This is another claim which I would like substantiated.

My posts are probably annoying the shit out of a couple of people itt, but claims like these reach back to a habit on IC of producing narratives based on scant information and goings-on the claimant was never privy to. There may be a developer interview I’m not aware of which reveals this, though.

The fact that the XII / Star Wars parallels are few and quickly divergent once the surface level comparisons are made is beside the point here, but I’m willing to argue about that too.

I don’t think kit was implying intent, i.e. that someone specifically decided “we should make this more like star wars!” but rather, the way vaan meets balthier (han solo) and the princess and the shape of their subsequent struggle against the empire and the chasing of macguffins and so on sure seems like they wound up using the basic structure of a new hope as a crutch to make vaan work as a POV character

(as rye said, the game expends a huge amount of effort on making vaan work as a POV character)

one of the more dismaying aspects of this reading is that fran becomes chewbacca

Wait now, I don’t think we need to have inside information or developer interviews to make these observations. We can infer intent from the text. The parallels are more than scant and they go to the core of the game’s narrative design.

The six playable characters of FFXII correlate directly to the three protagonists of A New Hope. They’ve been bifurcated into male and female versions. Fran is absolutely referencing Chewbacca, but she’s also doing double-duty as female Han Solo. The authoritarian enforcer who speaks with a voice distorted by a mask has also been multiplied from a single “Darth” to multiple “Judges”. There are also bounty-hunters, space(air) ship dogfights, an Empire/ Resistance struggle, a desert beginning featuring scenes of diverse creatures coexisting in a tense capitalist equilibrium, diminutive desert warriors, a prison escape from a clean, antiseptic-looking cell during which one of the protagonists wears the uniform of the anonymous armored grunts. These are motifs both visual and thematic lifted directly from the movies and while they’re shuffled, it’s too much to wave away. Star Wars is there, and it’s too there to be a coincidence.

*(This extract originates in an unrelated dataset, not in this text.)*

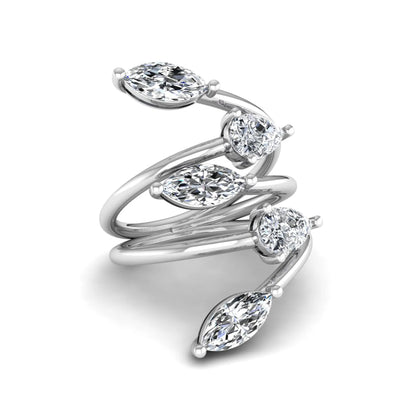 Marquise and pear cut lab grown diamond bypass wrap ring featuring alternating diamonds in a flowing white gold tone prong setting.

I’m not claiming that this tells us anything concrete about the game’s development, like Matsuno had this masterpiece planned out and Kawazu trashed it by shoehorning Star Wars into it. But I do think it’s clear that at some point, someone at a directorial level, was, yes, intentionally having their people look at Star Wars for inspiration.

Granted, this is how stuff gets made, and it does diverge. My point is that the derive/diverge ratio is, in this case, problematic. That’s a matter of taste though; tastes vary.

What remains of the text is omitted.